Il procedimento ha preso corpo grazie alle indagini coordinate dalla Direzione distrettuale antimafia di Reggio Calabria, all’epoca guidata da Giovanni Bombardieri. Centrale, nel dibattimento, è stata la testimonianza del collaboratore di giustizia Vincenzo Pasquino, catturato in Sudamerica insieme al boss Rocco Morabito, detto “u tamunga”, figura di primo piano nel traffico internazionale di stupefacenti.
Nonostante la gravità delle accuse, il tribunale ha escluso per tutti l’imputazione di associazione mafiosa, confermando però la solidità del quadro probatorio su traffici di droga e legami con i cartelli sudamericani.

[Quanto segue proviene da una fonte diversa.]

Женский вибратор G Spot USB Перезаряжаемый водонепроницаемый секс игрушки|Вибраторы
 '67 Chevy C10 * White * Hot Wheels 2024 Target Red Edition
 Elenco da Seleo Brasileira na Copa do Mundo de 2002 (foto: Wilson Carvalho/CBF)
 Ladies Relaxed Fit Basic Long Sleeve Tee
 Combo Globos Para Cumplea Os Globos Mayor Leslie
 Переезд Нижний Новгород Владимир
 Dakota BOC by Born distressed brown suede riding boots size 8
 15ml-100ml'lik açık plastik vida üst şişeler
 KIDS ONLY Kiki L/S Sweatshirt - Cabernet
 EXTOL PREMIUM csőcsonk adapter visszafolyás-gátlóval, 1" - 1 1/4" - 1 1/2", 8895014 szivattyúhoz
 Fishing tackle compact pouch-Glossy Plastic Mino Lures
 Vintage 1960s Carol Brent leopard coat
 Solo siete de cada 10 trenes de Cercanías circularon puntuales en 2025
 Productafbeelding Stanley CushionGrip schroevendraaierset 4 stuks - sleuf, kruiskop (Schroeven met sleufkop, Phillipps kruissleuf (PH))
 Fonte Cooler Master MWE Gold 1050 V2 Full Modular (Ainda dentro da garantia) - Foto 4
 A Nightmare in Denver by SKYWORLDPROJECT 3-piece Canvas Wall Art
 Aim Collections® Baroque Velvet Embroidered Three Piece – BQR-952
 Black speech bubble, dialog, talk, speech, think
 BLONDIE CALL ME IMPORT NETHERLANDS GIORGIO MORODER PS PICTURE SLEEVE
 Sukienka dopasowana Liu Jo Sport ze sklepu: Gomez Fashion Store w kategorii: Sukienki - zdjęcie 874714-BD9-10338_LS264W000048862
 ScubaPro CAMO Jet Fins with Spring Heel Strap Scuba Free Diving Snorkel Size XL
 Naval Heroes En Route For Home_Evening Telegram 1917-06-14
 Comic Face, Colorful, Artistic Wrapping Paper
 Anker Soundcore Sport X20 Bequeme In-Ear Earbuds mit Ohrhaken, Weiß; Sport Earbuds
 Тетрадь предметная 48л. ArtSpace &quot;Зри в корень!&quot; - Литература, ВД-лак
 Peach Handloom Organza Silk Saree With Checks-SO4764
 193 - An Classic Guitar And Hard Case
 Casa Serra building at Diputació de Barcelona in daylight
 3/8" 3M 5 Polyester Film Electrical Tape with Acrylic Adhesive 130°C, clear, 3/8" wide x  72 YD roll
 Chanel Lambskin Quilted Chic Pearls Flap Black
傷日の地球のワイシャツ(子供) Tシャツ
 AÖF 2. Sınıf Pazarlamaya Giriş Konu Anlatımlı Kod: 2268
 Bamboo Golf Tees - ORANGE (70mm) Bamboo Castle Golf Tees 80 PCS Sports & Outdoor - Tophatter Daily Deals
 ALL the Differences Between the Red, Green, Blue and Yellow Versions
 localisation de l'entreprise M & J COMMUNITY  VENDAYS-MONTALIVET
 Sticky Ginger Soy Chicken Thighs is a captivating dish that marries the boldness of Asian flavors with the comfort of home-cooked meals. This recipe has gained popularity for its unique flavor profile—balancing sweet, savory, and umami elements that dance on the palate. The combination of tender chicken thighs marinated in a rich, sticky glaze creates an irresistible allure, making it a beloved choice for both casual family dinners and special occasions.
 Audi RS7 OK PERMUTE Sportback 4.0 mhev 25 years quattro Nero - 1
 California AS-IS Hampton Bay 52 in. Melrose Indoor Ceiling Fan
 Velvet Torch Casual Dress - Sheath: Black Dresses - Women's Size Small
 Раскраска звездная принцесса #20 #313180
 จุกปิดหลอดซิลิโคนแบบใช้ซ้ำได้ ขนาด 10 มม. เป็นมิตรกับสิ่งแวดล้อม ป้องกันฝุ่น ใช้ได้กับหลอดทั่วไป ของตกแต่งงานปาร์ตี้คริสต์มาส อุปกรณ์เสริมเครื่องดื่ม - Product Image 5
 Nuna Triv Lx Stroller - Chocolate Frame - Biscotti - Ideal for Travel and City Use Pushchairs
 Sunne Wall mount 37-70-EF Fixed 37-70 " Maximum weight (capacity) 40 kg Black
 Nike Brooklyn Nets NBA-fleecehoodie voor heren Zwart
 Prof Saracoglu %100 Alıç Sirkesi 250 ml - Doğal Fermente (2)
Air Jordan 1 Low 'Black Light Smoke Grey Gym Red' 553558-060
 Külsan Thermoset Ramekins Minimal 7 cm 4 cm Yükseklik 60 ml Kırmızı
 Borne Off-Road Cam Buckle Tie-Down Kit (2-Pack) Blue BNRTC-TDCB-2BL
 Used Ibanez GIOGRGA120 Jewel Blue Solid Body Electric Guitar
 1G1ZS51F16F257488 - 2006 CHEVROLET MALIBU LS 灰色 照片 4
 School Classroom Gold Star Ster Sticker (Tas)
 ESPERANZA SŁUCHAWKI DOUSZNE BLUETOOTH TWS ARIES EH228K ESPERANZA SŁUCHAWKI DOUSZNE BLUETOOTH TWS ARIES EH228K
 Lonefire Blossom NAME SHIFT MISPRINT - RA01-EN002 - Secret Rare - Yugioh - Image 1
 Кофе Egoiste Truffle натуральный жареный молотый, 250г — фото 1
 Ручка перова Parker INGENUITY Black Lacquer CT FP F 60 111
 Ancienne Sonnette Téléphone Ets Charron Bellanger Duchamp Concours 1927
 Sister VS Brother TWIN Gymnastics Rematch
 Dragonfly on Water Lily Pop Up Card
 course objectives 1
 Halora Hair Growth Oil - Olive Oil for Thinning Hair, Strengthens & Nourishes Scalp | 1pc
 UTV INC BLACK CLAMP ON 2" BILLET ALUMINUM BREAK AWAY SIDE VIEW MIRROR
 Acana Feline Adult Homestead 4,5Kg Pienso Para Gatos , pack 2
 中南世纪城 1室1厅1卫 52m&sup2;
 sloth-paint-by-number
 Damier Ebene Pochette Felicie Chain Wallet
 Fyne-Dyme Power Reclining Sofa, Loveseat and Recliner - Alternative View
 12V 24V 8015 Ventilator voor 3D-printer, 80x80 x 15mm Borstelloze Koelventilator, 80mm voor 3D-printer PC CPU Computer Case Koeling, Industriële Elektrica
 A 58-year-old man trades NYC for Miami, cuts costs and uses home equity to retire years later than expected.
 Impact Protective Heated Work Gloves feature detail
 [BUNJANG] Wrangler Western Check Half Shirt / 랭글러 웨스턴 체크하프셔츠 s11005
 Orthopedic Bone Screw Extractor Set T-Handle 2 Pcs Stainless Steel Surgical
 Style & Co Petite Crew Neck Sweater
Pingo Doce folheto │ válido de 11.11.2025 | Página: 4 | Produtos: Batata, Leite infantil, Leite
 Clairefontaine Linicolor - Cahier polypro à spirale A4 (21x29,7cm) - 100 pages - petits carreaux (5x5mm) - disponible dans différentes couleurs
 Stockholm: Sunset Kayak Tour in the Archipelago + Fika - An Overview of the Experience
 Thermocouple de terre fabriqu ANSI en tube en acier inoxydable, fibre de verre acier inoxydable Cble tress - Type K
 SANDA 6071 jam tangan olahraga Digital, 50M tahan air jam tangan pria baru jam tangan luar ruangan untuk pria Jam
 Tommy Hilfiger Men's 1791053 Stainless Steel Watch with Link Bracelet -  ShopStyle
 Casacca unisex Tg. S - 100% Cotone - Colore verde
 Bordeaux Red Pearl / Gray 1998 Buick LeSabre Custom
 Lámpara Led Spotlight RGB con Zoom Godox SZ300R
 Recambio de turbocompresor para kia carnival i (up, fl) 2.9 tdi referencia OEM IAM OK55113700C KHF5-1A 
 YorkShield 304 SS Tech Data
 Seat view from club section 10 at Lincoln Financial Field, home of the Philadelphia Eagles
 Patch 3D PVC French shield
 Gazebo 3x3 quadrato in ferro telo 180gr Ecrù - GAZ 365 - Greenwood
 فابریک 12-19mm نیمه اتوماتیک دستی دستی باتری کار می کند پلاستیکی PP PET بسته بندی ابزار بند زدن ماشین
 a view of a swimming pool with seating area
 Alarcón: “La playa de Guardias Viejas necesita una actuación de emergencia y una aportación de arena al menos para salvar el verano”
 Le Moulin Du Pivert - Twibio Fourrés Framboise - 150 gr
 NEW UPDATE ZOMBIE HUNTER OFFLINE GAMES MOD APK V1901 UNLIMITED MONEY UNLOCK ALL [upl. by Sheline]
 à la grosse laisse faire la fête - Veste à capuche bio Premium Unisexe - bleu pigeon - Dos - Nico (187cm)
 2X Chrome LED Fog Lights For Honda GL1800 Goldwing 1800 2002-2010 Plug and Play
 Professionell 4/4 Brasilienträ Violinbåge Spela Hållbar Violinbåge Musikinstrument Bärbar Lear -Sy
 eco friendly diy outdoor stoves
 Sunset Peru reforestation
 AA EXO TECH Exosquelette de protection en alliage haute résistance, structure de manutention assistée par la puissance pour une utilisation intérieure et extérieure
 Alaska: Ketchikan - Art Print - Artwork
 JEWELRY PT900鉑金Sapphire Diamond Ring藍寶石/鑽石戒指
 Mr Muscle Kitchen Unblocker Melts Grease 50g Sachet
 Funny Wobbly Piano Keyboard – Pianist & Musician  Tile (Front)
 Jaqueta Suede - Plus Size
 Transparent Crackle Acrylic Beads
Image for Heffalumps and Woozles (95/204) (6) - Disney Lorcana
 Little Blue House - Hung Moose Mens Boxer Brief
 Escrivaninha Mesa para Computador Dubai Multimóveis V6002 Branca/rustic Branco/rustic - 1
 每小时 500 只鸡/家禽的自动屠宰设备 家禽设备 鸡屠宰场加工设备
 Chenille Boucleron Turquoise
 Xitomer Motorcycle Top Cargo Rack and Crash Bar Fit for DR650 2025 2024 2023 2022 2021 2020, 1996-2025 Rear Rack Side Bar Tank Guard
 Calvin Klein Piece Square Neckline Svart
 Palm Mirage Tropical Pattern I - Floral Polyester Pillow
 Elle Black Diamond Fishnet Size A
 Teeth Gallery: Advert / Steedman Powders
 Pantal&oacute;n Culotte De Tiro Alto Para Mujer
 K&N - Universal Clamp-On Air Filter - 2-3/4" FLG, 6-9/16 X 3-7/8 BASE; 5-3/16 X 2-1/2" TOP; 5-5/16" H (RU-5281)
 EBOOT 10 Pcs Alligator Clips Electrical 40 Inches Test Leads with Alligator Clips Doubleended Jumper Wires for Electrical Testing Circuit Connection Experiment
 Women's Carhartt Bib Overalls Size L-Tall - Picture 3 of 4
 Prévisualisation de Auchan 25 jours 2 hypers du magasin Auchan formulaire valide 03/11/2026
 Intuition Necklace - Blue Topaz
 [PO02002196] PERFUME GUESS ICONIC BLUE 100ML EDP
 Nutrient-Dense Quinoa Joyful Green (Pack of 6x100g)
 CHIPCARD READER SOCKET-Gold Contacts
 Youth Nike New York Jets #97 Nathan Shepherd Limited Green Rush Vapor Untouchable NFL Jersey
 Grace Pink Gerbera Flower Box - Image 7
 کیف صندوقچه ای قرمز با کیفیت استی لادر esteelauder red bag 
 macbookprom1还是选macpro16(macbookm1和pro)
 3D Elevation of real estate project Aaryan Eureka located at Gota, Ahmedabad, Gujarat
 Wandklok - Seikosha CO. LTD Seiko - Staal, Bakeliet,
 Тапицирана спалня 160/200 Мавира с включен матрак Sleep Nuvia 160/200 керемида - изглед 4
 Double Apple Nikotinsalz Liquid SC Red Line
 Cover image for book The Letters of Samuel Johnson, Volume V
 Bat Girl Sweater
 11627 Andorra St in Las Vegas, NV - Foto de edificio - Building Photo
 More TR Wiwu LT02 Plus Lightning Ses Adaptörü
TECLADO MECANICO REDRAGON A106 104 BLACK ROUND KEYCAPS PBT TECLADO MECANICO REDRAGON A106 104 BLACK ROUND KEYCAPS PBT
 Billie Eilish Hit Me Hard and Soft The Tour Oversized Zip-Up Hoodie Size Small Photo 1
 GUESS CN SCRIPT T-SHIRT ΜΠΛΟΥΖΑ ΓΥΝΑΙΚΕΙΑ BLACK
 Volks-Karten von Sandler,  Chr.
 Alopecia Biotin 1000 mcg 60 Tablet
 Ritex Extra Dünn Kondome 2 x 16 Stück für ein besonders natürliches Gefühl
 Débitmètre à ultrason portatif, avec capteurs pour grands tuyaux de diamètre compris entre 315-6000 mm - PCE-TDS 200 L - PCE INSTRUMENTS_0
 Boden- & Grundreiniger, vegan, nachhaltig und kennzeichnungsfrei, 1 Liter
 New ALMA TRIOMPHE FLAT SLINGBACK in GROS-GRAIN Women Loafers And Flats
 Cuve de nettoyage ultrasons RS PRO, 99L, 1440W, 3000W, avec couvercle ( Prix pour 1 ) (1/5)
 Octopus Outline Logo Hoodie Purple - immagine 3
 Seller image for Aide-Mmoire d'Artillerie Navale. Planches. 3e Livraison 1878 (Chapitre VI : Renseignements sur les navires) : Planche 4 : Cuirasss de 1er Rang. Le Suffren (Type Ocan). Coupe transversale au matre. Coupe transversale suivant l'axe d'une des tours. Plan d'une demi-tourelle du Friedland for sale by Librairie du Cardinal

L’inchiesta ha messo in luce come la rete calabrese fosse riuscita a radicarsi anche oltre i confini nazionali: in Belgio, a Genk, operava una cellula dei Nirta-Strangio, incaricata di gestire i carichi di cocaina che arrivavano nei porti di Anversa, Rotterdam e Amsterdam, per poi essere smistati in tutta Europa.
La pubblica accusa, rappresentata dal procuratore aggiunto Giuseppe Lombardo, ha evidenziato il ruolo strategico delle cosche calabresi nei traffici internazionali e il radicamento in più Paesi.
Tra i nomi più rilevanti dei condannati resta quello di Massimo Ballone, indicato come punto di riferimento per le cosche a Pescara, ora destinato a scontare 18 anni di carcere.